3 Keys to Maximize Employee Performance

For years, managers and company leaders have relied on the annual performance review as a tried and true approach for providing feedback to employees, setting goals and holding them accountable for achieving results.

Is this process really encouraging high performance in your organization?

In the traditional annual review model, each year, companies ask employees to fill out a performance survey, usually with feedback from their manager, and submit the results for their file. While conducting these annual reviews costs organizations millions in lost working hours, Gallup reports that “only 14% of employees strongly agree their performance reviews inspire them to improve.”

Why? For starters, a year’s worth of productivity and performance is a lot to synthesize in one sitting. Since the discussion only happens annually, employees and managers have often forgotten the entire year’s worth of effort and productivity by the time annual reviews swing around, resulting in incomplete, unhelpful data.

The annual review survey is also usually general and open-ended so that it can apply to everyone in the organization. While convenient for photocopying and mass emailing, this approach makes it difficult to individualize the review to address each employee’s unique personality, challenges and skills. Form statements asking managers to determine if the performance of multiple team members has met their expectations are ambiguous ciphers that result in haphazard feedback or even bias rather than thoughtful assessments using agreed-upon criteria.

There’s a better, more individualized approach to inspiring and managing high performance in your team, and it involves these three elements:

1. Give Instant Feedback

Rather than waiting a year before identifying issues and relaying feedback to an employee, find reasons to share feedback regularly throughout the workweek. Take time to get to know your employees and their expectations, and use this in-depth knowledge to inform your management style for each individual.

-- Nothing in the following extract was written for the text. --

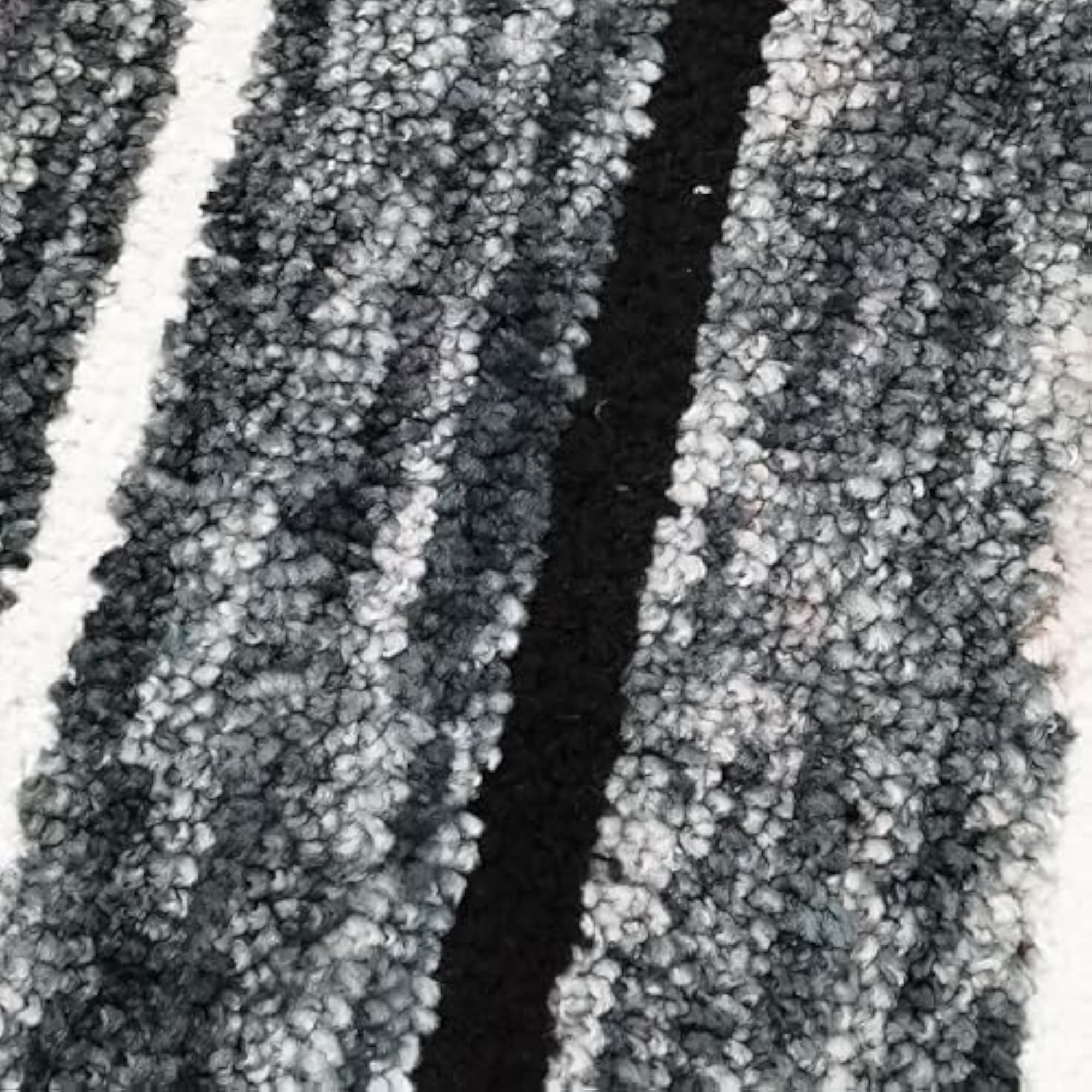 Striped Microfiber Bath Mat, Non-Slip and Water Absorbing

Think of yourself as a coach rather than a manager. Give your employees the tools they need to improve on an ongoing basis, and then step back and let them achieve success. This regular guidance will help employees make quick adaptations and small changes to continuously improve and excel at their duties.

2. Set Personal Goals

Research shows that increasing job autonomy leads to happier, more productive employees, so ditch the generic goals and meet regularly with employees to empower them to set their own goals instead. When you give team members the freedom to choose goals that are unique to them and their capabilities, they will feel a more personal attachment to them, will believe in them more fully and will be more likely to actually achieve them.

To further enhance employees’ commitment, make these regular goal-setting moments part of a bigger conversation that connects their work to the greater mission and vision of the department or organization. This conversation will encourage greater team collaboration and accountability.

3. Conduct Quarterly Performance Coaching Sessions

In the traditional annual performance review model, the conversation is one-sided. By conducting quarterly performance coaching sessions instead, the conversation becomes bidirectional. Both the manager and employee openly explore what’s working, what isn’t working and what they need from each other to achieve success. They also continuously review past and future targets for performance optimization. These conversations become more meaningful and successful, and they have a stronger connection to performance.

The ultimate goal of any manager is to develop and encourage high-performing teams. If you’re stuck in a dated performance management routine that isn’t producing results, consider taking a more individualized, agile approach to guiding, motivating and rewarding your team.